#### EXERCISE GOAL
Down to the last line, set down the listing below exactly, apart from its pictures.

#### SOURCE DATA
····················

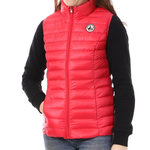 JUSTOVERTHETOPJOTT Doudoune Sans Manche  Fuchsia Femme Jott Seda. Coloris disponibles : Rose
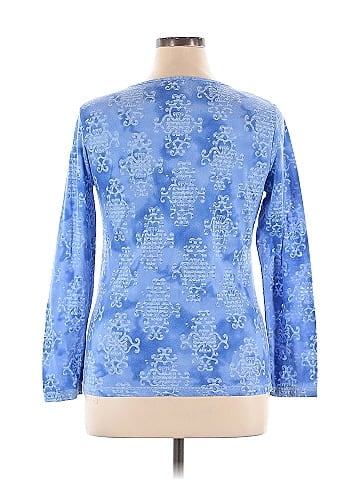 Danskin Now 3/4 Sleeve T-Shirt (view 2)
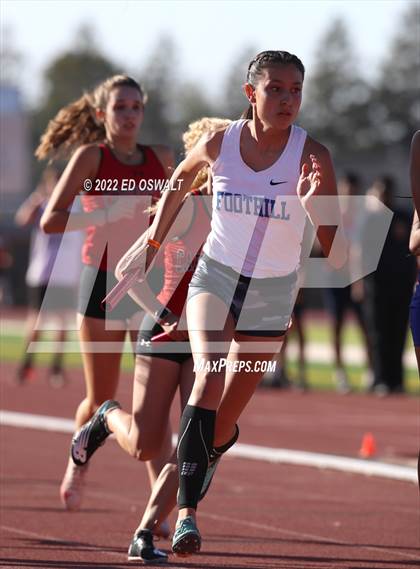 Thumbnail 2 in CIF NCS Meet of Champions (Girls Relays Finals 4x100 and 4x400) photogallery.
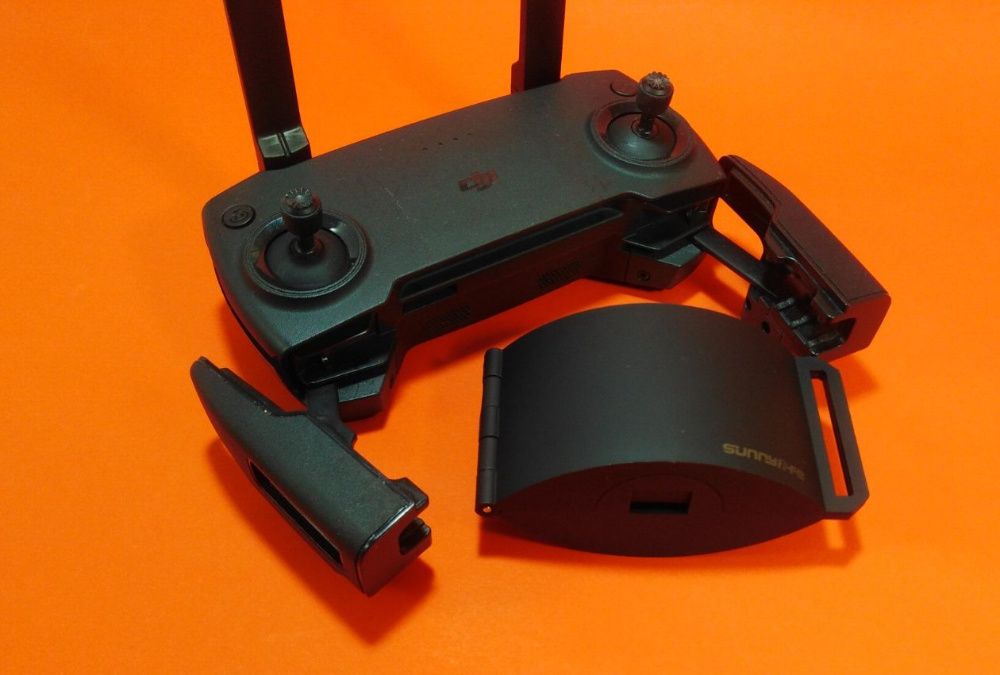Усилитель сигнала MaxFun MV-ZC601 Black для DJI Mavic Mini, DJI Mavic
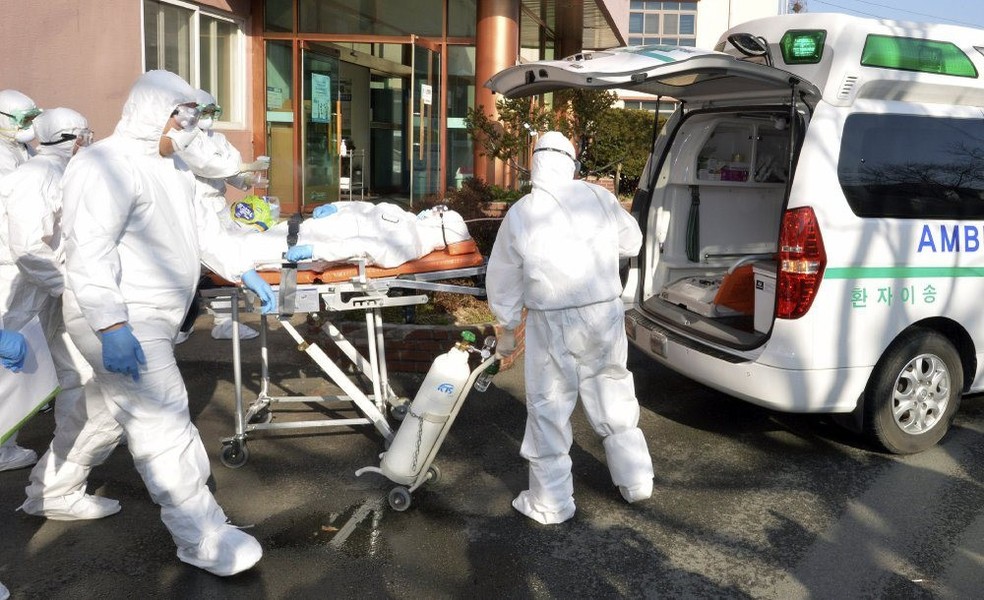 [ẢNH] Hệ thống y tế Nhật Bản trước nguy cơ vỡ trận vì đại dịch Covid-19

····················

#### REPLY
 JUSTOVERTHETOPJOTT Doudoune Sans Manche  Fuchsia Femme Jott Seda. Coloris disponibles : Rose
 Danskin Now 3/4 Sleeve T-Shirt (view 2)
 Thumbnail 2 in CIF NCS Meet of Champions (Girls Relays Finals 4x100 and 4x400) photogallery.
Усилитель сигнала MaxFun MV-ZC601 Black для DJI Mavic Mini, DJI Mavic
 [ẢNH] Hệ thống y tế Nhật Bản trước nguy cơ vỡ trận vì đại dịch Covid-19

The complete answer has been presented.